> EXERCISE DIRECTIONS
Find and copy each line of the listing below that has the word "Mahogany" in it.

====

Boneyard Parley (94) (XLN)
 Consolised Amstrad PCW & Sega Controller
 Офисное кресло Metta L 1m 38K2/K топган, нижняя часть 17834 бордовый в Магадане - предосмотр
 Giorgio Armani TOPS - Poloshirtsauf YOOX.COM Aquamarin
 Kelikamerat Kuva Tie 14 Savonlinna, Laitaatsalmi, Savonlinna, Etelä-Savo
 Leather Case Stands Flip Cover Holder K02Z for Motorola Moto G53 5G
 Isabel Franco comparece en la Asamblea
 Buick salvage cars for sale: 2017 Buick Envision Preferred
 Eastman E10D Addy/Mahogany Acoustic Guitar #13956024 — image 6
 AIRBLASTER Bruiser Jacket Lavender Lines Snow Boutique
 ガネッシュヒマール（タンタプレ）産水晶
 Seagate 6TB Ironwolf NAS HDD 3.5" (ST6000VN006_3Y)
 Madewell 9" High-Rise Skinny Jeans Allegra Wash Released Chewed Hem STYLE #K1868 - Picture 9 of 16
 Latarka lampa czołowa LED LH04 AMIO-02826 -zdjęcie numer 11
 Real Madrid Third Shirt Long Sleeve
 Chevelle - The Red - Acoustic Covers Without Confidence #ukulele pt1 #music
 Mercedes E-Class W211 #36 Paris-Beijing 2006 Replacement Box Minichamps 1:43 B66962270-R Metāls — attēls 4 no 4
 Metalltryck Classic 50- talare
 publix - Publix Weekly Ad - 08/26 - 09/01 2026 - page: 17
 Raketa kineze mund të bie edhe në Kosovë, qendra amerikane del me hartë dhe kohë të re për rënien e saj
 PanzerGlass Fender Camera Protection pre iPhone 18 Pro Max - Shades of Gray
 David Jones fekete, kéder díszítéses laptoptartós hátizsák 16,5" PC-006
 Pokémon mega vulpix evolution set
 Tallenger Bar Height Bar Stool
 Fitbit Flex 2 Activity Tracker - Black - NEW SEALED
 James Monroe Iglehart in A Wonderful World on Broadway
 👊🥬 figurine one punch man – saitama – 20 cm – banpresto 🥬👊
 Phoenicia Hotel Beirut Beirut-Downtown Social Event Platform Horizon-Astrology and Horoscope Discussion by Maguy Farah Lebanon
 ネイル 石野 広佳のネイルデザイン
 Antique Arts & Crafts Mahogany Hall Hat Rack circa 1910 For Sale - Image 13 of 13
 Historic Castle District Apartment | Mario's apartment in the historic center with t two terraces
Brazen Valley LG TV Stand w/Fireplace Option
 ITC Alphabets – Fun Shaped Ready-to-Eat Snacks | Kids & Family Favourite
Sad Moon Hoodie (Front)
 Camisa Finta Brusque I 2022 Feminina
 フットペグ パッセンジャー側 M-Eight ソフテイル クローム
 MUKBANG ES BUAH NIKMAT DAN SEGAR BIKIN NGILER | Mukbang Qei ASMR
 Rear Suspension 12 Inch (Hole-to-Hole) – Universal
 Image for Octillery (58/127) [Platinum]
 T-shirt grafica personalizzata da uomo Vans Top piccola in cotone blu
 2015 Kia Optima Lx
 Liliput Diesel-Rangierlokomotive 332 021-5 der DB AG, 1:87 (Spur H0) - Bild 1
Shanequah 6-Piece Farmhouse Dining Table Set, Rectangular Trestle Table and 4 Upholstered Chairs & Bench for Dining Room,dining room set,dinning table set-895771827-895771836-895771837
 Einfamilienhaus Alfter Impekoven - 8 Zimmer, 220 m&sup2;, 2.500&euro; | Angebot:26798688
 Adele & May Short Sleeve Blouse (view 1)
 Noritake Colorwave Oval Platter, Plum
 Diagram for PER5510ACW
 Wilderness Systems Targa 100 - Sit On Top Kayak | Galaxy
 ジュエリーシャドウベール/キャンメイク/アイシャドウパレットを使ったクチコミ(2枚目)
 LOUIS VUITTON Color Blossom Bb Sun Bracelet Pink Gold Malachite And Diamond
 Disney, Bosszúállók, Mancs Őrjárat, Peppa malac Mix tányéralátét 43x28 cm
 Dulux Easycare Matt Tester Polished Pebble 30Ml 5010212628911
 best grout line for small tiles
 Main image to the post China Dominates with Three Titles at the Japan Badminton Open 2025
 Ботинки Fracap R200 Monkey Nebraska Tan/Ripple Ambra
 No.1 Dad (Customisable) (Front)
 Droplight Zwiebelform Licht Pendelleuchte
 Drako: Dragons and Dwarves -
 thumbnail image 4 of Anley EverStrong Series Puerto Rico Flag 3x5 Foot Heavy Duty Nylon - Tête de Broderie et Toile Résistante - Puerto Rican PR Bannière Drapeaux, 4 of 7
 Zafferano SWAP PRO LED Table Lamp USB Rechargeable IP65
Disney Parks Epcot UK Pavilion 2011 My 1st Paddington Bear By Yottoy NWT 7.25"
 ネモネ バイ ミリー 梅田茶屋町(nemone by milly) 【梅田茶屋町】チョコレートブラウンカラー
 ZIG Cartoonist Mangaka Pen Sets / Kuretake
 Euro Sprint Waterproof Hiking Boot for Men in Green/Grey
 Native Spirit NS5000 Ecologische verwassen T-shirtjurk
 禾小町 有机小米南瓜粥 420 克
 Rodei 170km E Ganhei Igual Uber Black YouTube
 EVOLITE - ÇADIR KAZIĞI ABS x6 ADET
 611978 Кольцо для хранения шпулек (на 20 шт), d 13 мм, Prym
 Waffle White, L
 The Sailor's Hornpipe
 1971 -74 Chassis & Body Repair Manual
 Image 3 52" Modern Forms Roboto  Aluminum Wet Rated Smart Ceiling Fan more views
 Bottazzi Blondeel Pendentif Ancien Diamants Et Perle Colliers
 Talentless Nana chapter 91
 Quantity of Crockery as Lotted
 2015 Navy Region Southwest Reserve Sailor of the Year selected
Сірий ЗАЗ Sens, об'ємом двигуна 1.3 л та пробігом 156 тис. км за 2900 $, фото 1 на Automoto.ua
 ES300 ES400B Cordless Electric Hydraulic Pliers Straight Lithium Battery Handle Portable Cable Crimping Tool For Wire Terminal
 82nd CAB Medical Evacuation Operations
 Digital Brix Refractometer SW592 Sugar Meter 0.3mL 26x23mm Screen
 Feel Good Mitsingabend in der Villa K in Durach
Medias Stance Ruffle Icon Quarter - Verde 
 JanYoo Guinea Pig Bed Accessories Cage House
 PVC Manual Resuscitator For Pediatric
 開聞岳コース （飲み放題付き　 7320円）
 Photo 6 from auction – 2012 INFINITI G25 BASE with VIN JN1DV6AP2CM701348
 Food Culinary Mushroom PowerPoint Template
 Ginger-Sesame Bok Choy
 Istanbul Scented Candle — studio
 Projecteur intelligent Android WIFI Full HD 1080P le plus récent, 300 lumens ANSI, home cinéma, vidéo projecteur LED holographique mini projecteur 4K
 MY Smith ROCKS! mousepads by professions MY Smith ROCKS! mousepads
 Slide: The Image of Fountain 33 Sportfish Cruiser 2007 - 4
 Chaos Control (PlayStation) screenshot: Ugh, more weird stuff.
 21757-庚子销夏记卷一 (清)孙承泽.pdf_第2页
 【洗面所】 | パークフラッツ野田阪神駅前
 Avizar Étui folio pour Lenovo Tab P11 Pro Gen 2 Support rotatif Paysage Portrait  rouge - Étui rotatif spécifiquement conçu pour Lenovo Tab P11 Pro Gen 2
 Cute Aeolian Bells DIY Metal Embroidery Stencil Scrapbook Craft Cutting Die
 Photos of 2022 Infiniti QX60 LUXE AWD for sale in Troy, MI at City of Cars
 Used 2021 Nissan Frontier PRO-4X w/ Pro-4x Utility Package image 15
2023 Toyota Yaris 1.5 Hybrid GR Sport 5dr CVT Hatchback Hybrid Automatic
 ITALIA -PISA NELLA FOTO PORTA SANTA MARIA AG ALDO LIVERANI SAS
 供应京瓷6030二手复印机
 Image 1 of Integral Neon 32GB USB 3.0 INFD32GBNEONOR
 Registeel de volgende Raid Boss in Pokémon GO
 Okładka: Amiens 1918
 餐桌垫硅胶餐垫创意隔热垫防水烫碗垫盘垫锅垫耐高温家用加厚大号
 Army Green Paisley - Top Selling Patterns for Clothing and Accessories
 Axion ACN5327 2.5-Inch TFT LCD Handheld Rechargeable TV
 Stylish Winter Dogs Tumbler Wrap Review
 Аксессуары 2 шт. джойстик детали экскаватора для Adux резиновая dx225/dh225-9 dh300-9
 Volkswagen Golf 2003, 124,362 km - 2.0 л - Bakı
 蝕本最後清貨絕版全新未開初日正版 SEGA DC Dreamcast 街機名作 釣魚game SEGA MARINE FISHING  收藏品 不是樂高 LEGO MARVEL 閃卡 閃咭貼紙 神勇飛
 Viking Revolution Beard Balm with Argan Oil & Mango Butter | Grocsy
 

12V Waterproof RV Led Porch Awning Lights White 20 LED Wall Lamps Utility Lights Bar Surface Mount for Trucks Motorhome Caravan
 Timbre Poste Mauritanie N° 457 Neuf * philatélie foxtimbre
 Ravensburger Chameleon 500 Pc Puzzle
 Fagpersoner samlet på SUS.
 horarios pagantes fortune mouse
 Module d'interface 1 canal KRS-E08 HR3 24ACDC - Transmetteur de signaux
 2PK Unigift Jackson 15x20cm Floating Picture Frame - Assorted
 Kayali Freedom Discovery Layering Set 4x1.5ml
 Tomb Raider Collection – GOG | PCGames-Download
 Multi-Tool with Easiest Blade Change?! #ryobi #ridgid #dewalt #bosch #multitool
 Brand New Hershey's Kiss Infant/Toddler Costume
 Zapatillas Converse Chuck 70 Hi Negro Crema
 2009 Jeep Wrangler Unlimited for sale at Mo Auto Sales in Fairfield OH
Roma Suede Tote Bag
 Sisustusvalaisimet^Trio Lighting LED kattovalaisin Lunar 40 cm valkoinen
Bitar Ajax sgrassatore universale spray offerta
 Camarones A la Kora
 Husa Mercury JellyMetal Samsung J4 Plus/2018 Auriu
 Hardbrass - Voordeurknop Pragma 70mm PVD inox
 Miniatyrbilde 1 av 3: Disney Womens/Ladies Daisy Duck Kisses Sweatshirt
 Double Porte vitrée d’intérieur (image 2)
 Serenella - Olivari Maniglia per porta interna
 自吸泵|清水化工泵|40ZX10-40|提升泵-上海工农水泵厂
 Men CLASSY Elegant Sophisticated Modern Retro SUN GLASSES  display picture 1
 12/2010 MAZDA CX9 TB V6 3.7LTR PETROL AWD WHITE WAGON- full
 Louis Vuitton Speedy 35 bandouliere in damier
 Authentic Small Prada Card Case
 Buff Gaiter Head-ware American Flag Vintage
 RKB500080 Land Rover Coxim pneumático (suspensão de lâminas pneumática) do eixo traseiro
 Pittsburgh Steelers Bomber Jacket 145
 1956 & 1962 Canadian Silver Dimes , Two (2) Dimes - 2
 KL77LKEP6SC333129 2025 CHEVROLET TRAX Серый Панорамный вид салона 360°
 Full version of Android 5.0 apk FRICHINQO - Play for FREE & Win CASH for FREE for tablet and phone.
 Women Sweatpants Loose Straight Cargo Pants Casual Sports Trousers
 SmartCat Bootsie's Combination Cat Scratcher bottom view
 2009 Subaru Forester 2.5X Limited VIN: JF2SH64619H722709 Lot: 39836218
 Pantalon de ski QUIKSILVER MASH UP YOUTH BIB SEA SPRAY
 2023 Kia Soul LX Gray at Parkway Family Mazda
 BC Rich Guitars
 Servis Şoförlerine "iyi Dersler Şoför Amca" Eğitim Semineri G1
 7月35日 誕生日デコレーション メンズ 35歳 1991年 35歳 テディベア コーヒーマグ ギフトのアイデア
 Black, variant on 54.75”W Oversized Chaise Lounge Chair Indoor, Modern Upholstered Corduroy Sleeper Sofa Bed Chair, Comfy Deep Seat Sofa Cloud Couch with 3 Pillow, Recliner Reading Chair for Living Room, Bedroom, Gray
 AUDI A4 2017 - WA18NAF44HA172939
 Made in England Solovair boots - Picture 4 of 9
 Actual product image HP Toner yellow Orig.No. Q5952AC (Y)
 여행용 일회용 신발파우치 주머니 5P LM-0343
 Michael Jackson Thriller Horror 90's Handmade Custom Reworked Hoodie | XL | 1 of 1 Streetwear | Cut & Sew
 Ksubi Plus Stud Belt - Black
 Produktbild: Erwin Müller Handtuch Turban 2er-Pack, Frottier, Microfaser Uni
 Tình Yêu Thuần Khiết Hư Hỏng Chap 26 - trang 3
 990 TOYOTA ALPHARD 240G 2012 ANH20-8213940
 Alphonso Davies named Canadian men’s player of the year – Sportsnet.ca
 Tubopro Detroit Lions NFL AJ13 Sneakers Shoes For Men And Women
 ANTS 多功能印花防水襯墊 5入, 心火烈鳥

====

> TASK RESULT
 Eastman E10D Addy/Mahogany Acoustic Guitar #13956024 — image 6
 Antique Arts & Crafts Mahogany Hall Hat Rack circa 1910 For Sale - Image 13 of 13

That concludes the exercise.